** About this exercise **
Leave the pictures out and return every line below exactly.
Material provided START
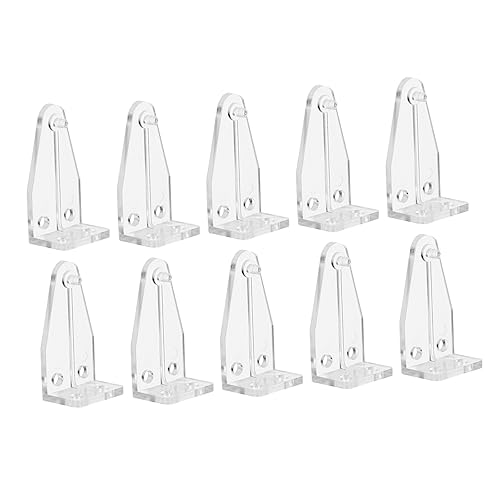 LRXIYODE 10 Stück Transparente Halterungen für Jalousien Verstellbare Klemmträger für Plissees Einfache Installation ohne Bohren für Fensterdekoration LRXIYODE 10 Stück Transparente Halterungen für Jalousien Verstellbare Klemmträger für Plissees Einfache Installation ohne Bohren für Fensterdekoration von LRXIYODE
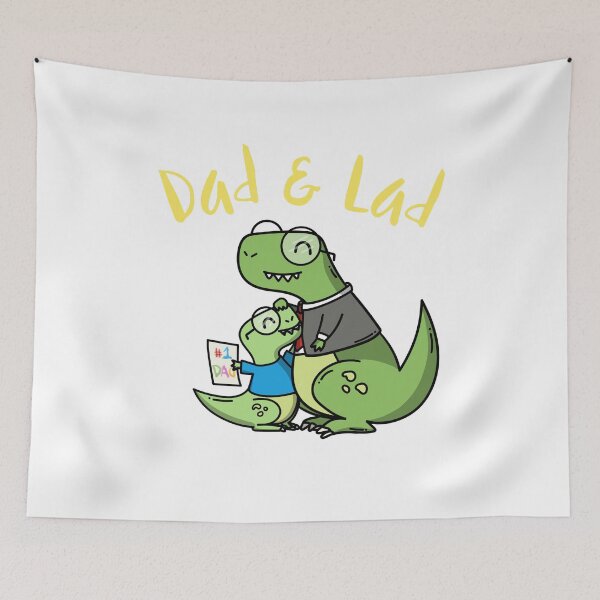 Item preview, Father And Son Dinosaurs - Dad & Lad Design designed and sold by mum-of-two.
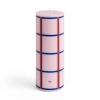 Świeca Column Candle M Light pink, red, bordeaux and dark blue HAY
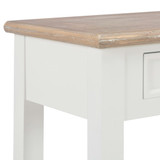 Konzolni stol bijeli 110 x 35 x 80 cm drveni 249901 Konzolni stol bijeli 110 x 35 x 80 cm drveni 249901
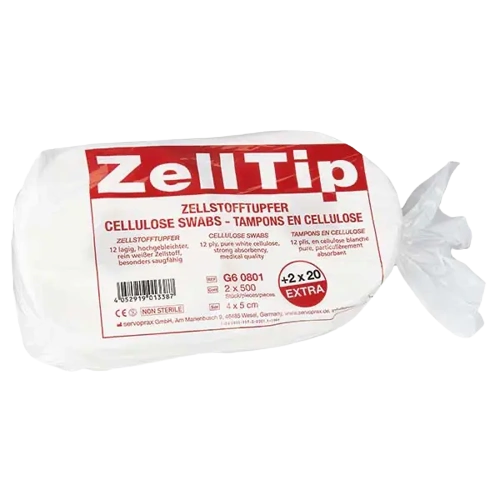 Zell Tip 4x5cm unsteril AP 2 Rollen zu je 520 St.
Material provided END
** Answer to the exercise **
 LRXIYODE 10 Stück Transparente Halterungen für Jalousien Verstellbare Klemmträger für Plissees Einfache Installation ohne Bohren für Fensterdekoration LRXIYODE 10 Stück Transparente Halterungen für Jalousien Verstellbare Klemmträger für Plissees Einfache Installation ohne Bohren für Fensterdekoration von LRXIYODE
 Item preview, Father And Son Dinosaurs - Dad & Lad Design designed and sold by mum-of-two.
 Świeca Column Candle M Light pink, red, bordeaux and dark blue HAY
 Konzolni stol bijeli 110 x 35 x 80 cm drveni 249901 Konzolni stol bijeli 110 x 35 x 80 cm drveni 249901
 Zell Tip 4x5cm unsteril AP 2 Rollen zu je 520 St.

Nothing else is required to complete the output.